“闵总管啊……”在白云山生活时,闵总管的确来探过几回,都在山脚这个村落过夜,上了山也是几个时辰就回去,几次阴错阳差都被她大师父带开。如今回想,她大师父别有用心,不希望江湖中人发现白云山上有她的存在吧。

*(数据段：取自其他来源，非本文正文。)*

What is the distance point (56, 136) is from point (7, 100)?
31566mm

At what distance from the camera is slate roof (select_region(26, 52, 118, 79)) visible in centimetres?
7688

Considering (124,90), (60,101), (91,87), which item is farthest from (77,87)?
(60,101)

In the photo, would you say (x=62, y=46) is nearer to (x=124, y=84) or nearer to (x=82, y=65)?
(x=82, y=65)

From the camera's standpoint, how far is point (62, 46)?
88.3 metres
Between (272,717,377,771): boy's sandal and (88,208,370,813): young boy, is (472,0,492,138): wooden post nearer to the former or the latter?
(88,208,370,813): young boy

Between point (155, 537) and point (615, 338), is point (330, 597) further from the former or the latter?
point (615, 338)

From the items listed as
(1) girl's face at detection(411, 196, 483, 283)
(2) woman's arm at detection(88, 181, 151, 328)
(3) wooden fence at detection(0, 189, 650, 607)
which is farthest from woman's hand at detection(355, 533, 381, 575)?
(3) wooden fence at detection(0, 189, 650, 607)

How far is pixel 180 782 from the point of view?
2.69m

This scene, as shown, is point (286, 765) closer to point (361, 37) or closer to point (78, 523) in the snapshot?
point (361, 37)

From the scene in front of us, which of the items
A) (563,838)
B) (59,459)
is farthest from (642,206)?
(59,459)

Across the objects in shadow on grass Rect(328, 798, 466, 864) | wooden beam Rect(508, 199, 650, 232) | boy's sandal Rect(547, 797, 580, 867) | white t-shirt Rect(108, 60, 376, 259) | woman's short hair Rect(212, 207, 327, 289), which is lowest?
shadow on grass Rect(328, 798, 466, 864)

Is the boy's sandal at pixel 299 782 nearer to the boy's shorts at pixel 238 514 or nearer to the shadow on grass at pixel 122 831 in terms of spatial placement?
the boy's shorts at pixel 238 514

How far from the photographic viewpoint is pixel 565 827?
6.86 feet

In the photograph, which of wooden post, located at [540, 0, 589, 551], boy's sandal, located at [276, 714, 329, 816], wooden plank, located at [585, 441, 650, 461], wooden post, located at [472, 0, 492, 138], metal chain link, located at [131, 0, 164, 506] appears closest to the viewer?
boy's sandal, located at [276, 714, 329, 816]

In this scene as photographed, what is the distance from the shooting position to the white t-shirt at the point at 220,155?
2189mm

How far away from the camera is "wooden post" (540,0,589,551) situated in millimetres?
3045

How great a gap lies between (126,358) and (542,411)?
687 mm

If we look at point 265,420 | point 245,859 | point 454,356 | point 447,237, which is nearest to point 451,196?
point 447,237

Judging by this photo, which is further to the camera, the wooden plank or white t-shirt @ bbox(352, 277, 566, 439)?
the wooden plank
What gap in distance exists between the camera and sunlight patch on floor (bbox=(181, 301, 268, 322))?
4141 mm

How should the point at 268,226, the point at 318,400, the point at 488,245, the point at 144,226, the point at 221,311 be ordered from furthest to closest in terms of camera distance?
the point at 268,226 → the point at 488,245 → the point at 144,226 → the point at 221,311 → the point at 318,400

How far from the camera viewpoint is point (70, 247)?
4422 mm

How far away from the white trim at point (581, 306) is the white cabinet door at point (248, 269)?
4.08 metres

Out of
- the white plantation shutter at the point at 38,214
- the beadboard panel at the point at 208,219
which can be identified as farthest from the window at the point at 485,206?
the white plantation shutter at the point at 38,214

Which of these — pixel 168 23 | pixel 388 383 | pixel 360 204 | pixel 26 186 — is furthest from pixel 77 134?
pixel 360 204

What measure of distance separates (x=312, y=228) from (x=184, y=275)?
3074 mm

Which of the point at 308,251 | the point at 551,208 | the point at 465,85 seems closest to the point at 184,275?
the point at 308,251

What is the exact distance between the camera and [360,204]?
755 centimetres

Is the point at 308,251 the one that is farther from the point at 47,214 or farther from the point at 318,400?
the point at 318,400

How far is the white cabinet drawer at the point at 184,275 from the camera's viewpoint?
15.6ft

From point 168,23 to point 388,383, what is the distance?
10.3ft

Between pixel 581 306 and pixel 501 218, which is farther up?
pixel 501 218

眼角瞥到她别过脸,东看西看就是不看那农家子弟,他知其中有异,再往那农家子弟看去——
他双眸微愕。等那农家子弟离开之后,他才暗叹摇头,看向欧阳罪。
“你想知道闵总管的秘密吗?”
欧阳罪与李聚笑双双抬头看他,后者显然无比惊奇。
“舅爷,她告诉你了?”果然,美男计是有效的!
“她什么都没有说。”
她用力点头。
“那就是庄主告诉你了?”哼,他就知闻人不迫根本将他当外人看。
“也没有,是我猜出来的。”
“猜?”一个没有涉及江湖的男人能猜得出来,而他这个身为江湖第一大庄的副总管却猜不出来?“舅爷若肯分享,那是再好也不过的了;若是不愿,属下也不会强求,毕竟事关天下人的福利——”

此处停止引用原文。